[[ DATA IN THIS EXERCISE, beginning ]]
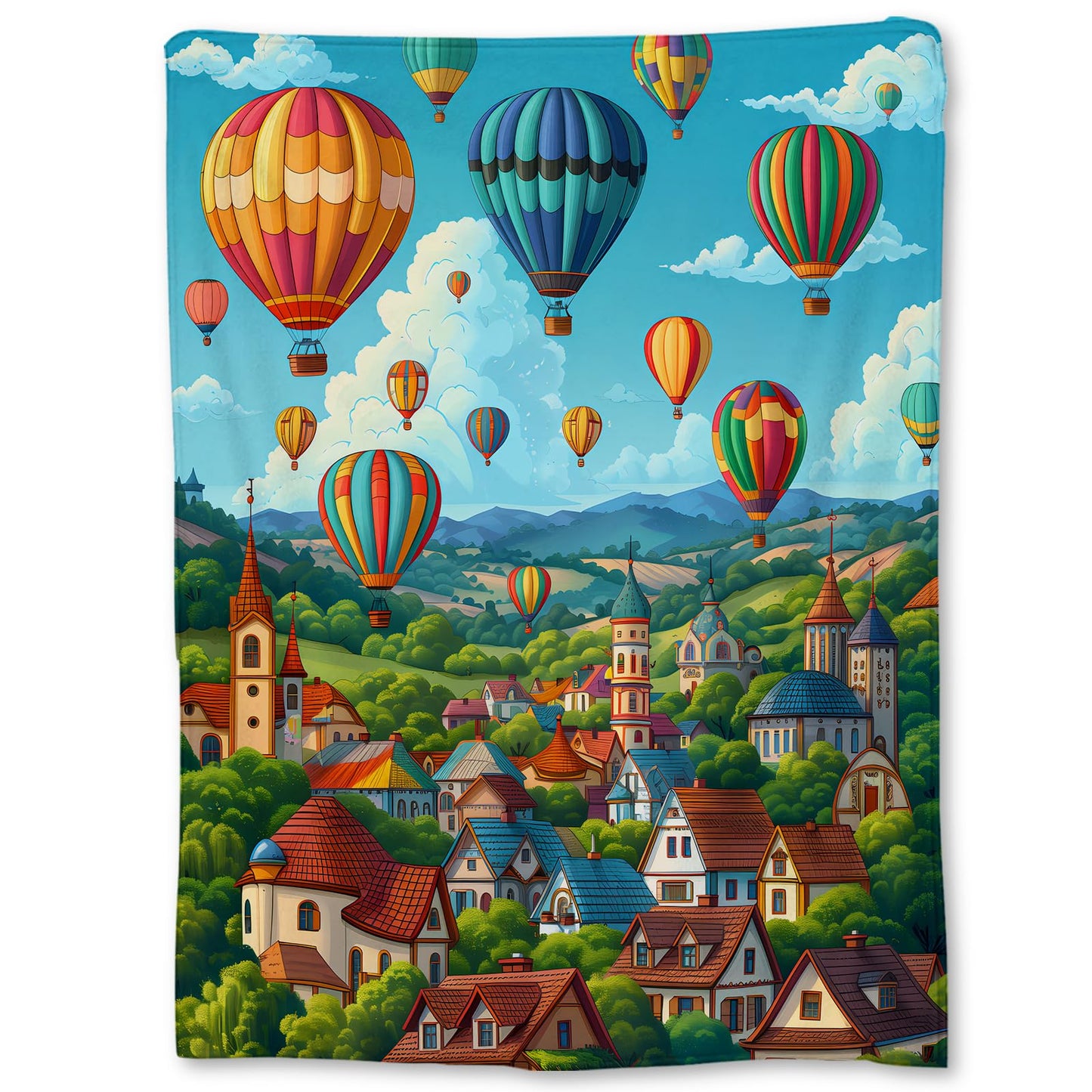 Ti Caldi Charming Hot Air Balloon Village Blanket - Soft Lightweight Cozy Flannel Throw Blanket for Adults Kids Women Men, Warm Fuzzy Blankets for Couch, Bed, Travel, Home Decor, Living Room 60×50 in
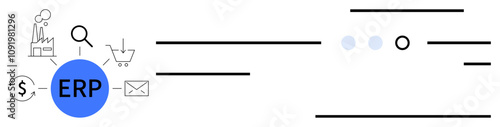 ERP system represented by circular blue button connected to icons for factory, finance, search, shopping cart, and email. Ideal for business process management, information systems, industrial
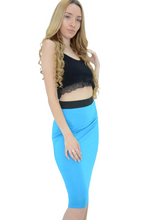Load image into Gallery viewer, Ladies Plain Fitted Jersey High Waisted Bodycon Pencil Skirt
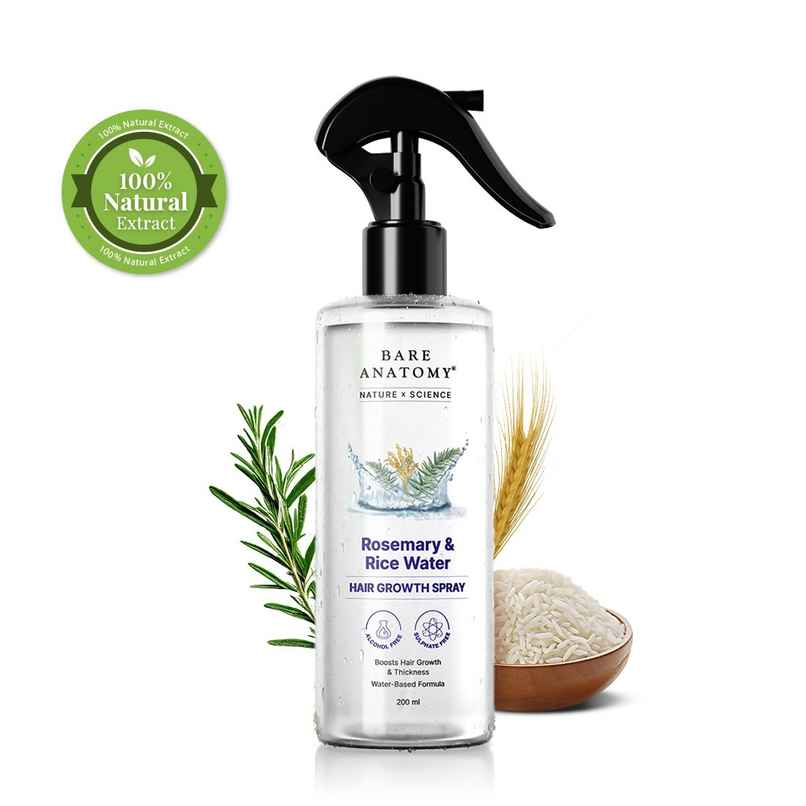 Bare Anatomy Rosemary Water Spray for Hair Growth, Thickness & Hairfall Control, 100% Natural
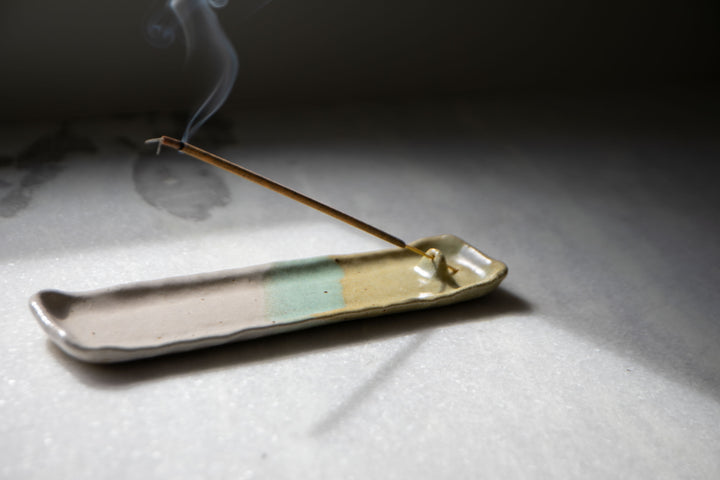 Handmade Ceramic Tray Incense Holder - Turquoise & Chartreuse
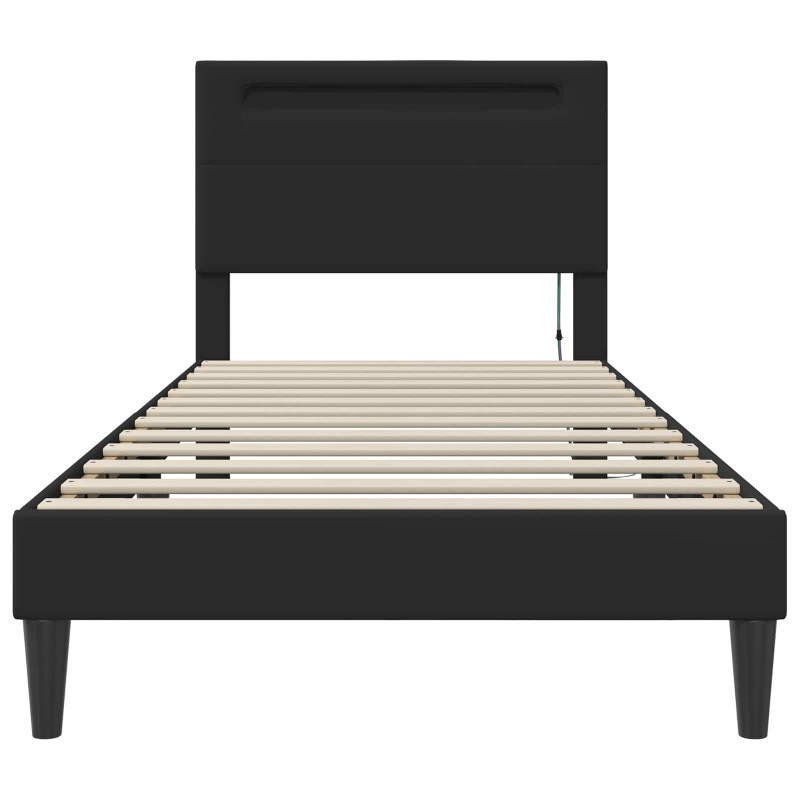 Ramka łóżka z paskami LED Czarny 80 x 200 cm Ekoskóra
[[ DATA IN THIS EXERCISE, end ]]
**WORK REQUEST:** With images omitted, output the data exactly as given.

**RESULT FOR THIS TASK:**
 Ti Caldi Charming Hot Air Balloon Village Blanket - Soft Lightweight Cozy Flannel Throw Blanket for Adults Kids Women Men, Warm Fuzzy Blankets for Couch, Bed, Travel, Home Decor, Living Room 60×50 in
 ERP system represented by circular blue button connected to icons for factory, finance, search, shopping cart, and email. Ideal for business process management, information systems, industrial
Load image into Gallery viewer, Ladies Plain Fitted Jersey High Waisted Bodycon Pencil Skirt
 Bare Anatomy Rosemary Water Spray for Hair Growth, Thickness & Hairfall Control, 100% Natural
 Handmade Ceramic Tray Incense Holder - Turquoise & Chartreuse
 Ramka łóżka z paskami LED Czarny 80 x 200 cm Ekoskóra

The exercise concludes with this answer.